J’en ai assez, c’est terminé, en ce qui me concerne, votre démarche est terminée, il sera établi qu’elle est vexatoire, vous ne pouvez pas sans cesse revenir à la charge, et il y a longtemps que votre occasion d’interjeter appel de la décision de la cour est passée. Par conséquent, c’est la fin en ce qui vous concerne.

[48]  Cette allégation figure deux fois dans le dossier. Premièrement, elle se trouve dans la lettre de réponse du demandeur envoyée à la Commission, comme précitée. Deuxièmement, elle est répétée, moyennant certains changements, dans l’affidavit du demandeur déposé à l’occasion de la présente demande de contrôle judiciaire, lequel indique que le gestionnaire a tenu les propos suivants lors de son entretien avec le demandeur :

[traduction]

C’est fini pour vous, il n’y a plus rien à y faire, vous ne pouvez pas sans cesse revenir à la charge, et il y a longtemps que votre occasion d’interjeter appel de la décision de la cour est passée, c’est la fin en ce qui vous concerne.

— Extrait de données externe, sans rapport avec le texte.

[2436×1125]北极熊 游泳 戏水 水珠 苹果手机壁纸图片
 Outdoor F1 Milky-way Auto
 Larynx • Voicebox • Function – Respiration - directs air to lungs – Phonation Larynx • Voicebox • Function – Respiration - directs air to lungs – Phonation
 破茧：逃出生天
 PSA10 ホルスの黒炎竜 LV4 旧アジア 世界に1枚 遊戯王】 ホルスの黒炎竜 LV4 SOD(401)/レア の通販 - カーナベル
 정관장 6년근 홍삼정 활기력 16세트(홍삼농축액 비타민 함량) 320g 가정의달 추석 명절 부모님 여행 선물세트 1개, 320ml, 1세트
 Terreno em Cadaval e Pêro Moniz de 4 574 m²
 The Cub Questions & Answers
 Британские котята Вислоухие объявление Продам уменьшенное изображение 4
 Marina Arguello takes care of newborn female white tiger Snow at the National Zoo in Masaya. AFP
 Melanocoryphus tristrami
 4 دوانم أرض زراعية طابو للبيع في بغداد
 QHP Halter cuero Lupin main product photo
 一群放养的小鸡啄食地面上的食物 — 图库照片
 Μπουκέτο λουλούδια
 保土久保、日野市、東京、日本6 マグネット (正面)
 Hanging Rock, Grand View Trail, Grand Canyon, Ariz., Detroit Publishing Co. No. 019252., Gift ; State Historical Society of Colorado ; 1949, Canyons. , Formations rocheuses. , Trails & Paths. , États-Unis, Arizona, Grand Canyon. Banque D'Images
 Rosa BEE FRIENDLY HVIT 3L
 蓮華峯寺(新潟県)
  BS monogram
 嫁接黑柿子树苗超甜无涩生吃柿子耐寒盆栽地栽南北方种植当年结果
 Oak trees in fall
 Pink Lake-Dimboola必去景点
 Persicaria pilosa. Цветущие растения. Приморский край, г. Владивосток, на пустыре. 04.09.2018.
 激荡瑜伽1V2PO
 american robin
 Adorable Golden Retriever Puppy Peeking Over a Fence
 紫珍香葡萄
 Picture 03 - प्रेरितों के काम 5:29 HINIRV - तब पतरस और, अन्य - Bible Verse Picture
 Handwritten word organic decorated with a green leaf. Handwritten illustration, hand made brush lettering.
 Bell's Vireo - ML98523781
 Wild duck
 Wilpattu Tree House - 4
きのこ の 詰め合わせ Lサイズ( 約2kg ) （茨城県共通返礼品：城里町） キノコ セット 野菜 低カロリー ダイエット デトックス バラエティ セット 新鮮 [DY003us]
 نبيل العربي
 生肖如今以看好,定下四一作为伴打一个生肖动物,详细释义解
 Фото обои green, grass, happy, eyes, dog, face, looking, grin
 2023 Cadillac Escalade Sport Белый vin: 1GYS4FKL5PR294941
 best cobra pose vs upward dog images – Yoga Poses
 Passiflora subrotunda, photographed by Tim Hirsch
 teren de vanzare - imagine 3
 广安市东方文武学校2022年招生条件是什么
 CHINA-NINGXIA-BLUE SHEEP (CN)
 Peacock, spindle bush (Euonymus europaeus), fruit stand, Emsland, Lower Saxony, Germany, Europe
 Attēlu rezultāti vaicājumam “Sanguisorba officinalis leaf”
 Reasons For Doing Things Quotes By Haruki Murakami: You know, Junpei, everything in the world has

[49]  Les deux versions, bien que ce soit encore plus vrai dans le cas de la déclaration non assermentée, font état de propos troublants de la part d’un fonctionnaire occupant un poste important au sein de la Commission.

[50]  Je reconnais que l’obligation d’équité qui incombait aux personnes chargées de mener les enquêtes préliminaires aux termes de l’article 41 de la LCDP est parmi les moins exigeantes. Comme l’indique le juge Evans (tel était alors son titre) :

[18]  Comme c’est le cas pour les droits de participation conférés par l’obligation d’agir équitablement, la norme d’impartialité applicable à un organisme administratif varie en fonction du contexte juridique, administratif et factuel dans lequel le litige a pris naissance. Ainsi, les organismes administratifs qui exercent des fonctions juridictionnelles, y compris les tribunaux des droits de la personne, sont assujettis à une norme d’impartialité exigeante qui s’apparente à celle que doivent observer les tribunaux : voir, par exemple, Great Atlantic & Pacific Co. of Canada v. Ontario (Human Rights Commission) (1993), 1993 CanLII 8616 (ON SC), 13 O.R. (3d) 824 (C. div.). Par contre, une norme beaucoup moins stricte a été appliquée à un conseil municipal qui a voté au sujet d’un règlement de zonage dans l’exercice de sa compétence législative : Save Richmond Farmland Society c. Richmond (Canton), 1990 CanLII 1132 (CSC), [1990] 3 R.C.S. 1213.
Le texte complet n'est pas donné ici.